According to published reports, sakuranetin has been analyzed in different plants by several techniques, like nuclear magnetic resonance (NMR) (Jerz et al. 2005); IR & UV (Zhang et al. 2006), Mass spectrometry (Danelutte et al. 2003); HPLC & LC–MS (Jung et al. 2005), and EI-MS (Ogawa et al. 2007). However, there is no validated HPTLC method reported so far, for the quality control of sakranetin in herbal formulations or drugs. Recently, HPTLC has been extensively used in quality control of herbal drugs because of its various unique features, like inexpensive, high sample throughput, and requirement of very less cleaning solvent (Alam et al. 2014). In individual capacity, HPTLC is a reliable analytical tool for identification of herbs and their constituents, purity and stability testing of their preparations and analysis of uniformity, including those of animal extracts, drugs and excipients. Therefore, it has been widely used in the standardization and quality control of formulated products viz. pharmaceuticals, cosmetics, herbal and nutritional supplements (Alajmi et al. 2013).

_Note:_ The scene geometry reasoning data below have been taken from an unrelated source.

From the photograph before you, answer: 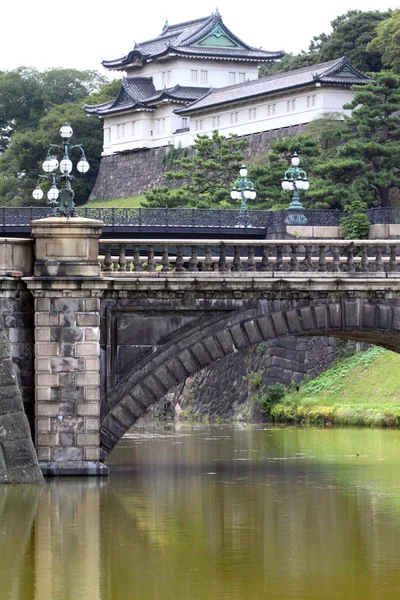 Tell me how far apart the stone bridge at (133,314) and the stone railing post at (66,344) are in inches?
0.8

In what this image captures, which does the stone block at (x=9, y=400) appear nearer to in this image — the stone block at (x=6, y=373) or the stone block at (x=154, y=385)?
the stone block at (x=6, y=373)

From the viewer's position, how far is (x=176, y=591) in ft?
72.5

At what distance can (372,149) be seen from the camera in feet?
249

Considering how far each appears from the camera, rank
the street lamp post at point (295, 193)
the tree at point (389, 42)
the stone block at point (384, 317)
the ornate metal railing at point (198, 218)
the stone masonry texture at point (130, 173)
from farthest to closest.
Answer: the stone masonry texture at point (130, 173) < the tree at point (389, 42) < the ornate metal railing at point (198, 218) < the street lamp post at point (295, 193) < the stone block at point (384, 317)

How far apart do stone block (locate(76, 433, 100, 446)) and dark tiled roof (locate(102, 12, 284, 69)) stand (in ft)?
275

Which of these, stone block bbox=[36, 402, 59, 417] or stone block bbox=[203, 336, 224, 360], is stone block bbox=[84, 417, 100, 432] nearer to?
stone block bbox=[36, 402, 59, 417]

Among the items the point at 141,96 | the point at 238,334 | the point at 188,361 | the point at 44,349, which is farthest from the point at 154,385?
the point at 141,96

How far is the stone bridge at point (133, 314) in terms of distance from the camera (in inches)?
1323

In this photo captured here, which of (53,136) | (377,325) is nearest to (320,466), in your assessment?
(377,325)

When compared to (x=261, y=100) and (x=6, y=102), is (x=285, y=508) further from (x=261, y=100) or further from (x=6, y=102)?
(x=6, y=102)

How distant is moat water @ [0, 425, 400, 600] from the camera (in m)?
22.5

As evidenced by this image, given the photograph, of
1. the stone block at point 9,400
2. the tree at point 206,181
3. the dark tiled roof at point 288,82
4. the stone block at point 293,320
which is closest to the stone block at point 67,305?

The present validated HPTLC method developed for the estimation of sakuranetin in two Rhus species would be beneficial in helping and facilitating the quality control of herbal drugs.

Conclusion

The finding of high degree of antioxidant property of alcoholic extracts of R. retinorrhoea and R. tripartita warrants further evaluation of the two species in the various chronic diseases caused by free radical-induced oxidative damages. Our developed HPTLC method may be further applied for the quality control of herbal drugs or formulations containing sakuranetin, including the study of degradation kinetics.